I then began to think of all the things I've "inherited" from my Dad:

- love of Duke basketball (oh yes, bball season is coming sooon!)

- strong dislike for lotion (as previously mentioned)

- enjoying the great outdoors as we used to go camping at Hanging Rock

- the dread of getting shocked in the winter... oh how we hate this!

- the understanding that a car is something that gets you from "point A to point B"

- love for the Gospel

- love for rock music. I seriously love classic rock. Perhaps it's all that Jimi my Dad would play.

Now the things that my Dad loves, but I am indifferent to (or can't do):

- Strumming on his guitar. It's no lie that my Dad has performed many times in front of hundreds of people (weddings & church) and also has a cd out! Holla! He's pretty famous!

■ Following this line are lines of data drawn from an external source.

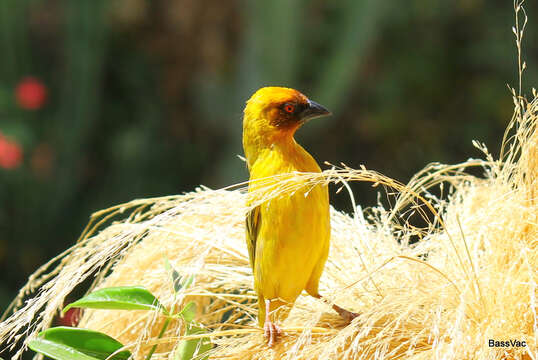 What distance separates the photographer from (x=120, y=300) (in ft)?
2.32

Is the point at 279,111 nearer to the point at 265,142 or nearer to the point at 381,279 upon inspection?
the point at 265,142

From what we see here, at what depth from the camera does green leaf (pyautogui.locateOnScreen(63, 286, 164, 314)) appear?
70 cm

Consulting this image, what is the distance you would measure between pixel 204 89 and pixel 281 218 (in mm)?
2464

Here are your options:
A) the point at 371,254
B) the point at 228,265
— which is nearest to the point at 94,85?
the point at 228,265

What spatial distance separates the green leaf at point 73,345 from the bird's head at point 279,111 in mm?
337

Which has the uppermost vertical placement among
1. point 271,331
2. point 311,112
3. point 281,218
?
point 311,112

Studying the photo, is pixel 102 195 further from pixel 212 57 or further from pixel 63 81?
pixel 212 57

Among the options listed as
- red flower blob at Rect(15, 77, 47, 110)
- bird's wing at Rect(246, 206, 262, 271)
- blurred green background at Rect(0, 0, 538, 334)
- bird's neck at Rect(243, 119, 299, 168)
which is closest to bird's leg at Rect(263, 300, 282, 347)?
bird's wing at Rect(246, 206, 262, 271)

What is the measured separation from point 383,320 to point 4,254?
249 cm

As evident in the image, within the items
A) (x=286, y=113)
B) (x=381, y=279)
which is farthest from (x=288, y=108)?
(x=381, y=279)

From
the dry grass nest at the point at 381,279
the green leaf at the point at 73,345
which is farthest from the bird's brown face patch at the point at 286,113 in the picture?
the green leaf at the point at 73,345

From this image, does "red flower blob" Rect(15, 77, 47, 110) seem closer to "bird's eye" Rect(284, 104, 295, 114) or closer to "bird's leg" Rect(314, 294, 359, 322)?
"bird's eye" Rect(284, 104, 295, 114)

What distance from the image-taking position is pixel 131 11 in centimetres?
336

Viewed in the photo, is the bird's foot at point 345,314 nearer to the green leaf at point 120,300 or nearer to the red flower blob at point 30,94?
the green leaf at point 120,300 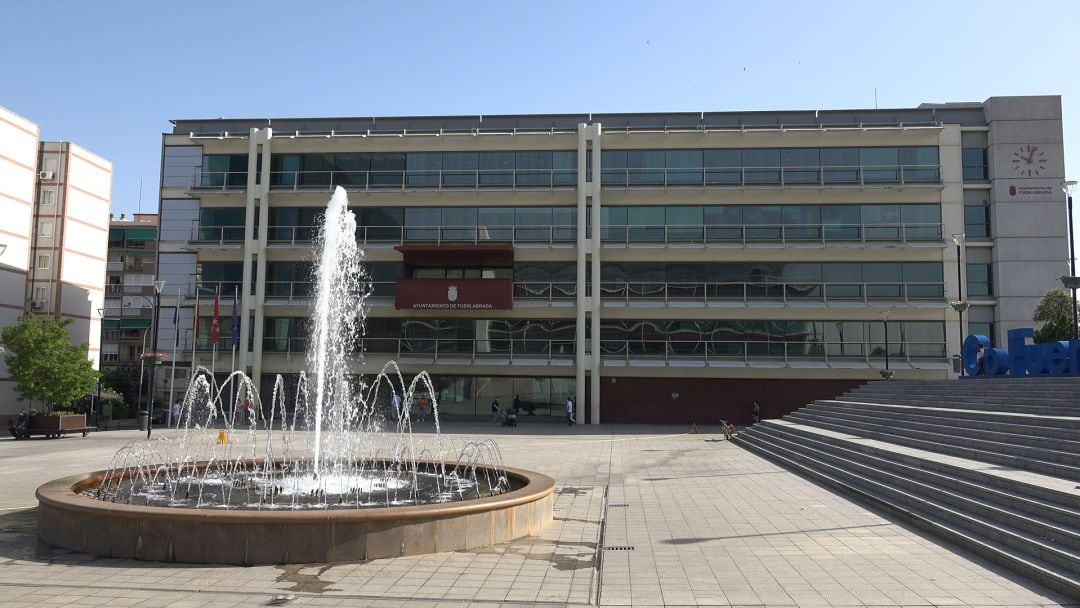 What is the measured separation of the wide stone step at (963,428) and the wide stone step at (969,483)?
4.46ft

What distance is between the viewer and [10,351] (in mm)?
30656

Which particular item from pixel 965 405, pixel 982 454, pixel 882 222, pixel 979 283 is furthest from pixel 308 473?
pixel 979 283

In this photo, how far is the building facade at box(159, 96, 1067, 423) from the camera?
117ft

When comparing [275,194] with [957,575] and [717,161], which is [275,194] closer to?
[717,161]

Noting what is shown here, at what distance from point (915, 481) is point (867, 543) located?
3547mm

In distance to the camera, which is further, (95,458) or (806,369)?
(806,369)

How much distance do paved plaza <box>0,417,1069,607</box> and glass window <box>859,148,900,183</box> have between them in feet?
88.0

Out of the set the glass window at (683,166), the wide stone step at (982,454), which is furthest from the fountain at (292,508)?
the glass window at (683,166)

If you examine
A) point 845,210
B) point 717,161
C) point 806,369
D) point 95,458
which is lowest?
point 95,458

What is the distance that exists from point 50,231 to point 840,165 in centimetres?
4147

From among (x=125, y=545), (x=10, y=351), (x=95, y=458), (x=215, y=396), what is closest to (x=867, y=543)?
(x=125, y=545)

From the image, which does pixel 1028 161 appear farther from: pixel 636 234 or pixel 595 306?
pixel 595 306

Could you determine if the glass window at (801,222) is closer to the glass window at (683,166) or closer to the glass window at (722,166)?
the glass window at (722,166)

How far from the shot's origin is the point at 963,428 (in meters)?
16.1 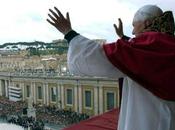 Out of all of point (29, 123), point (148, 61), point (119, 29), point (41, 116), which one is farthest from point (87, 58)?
point (41, 116)

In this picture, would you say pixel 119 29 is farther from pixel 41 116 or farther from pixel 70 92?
pixel 70 92

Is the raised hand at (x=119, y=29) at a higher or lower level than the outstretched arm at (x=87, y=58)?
higher

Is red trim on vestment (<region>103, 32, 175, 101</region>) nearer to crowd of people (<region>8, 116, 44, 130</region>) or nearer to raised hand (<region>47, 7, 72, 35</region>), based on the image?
raised hand (<region>47, 7, 72, 35</region>)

- bees. Ok he doesn't love bees at all, but I just had to mention it. If there is a bee in the car he will stop, pull over and shoo that thing out!

- ice cream. Pops loooves ice cream. I wish I knew his current favorite flavor, that's the sad thing about living so far away: I don't know those small, little, every day things about my family. But for the rest of my life, whenever I see Breyer's vanilla ice cream w/ the little specks... I'll think of my Dad. He used to eat that all the time when I was growing up. I'm not a huge ice cream fan. I'll usually eat ice cream when it's super hot or when I have a sore throat. But don't get me started on my dessert of choice: chocolate chip cookies. Mmmm.

- Diet Coke. (I go for the regular stuff. Always have, always will.)

- Weather. Paparoni (the nickname I dubbed for him in HS) is a master at knowing weather patterns and what is currently going on on the radar. I think by the age of two I could say cumulonimbus.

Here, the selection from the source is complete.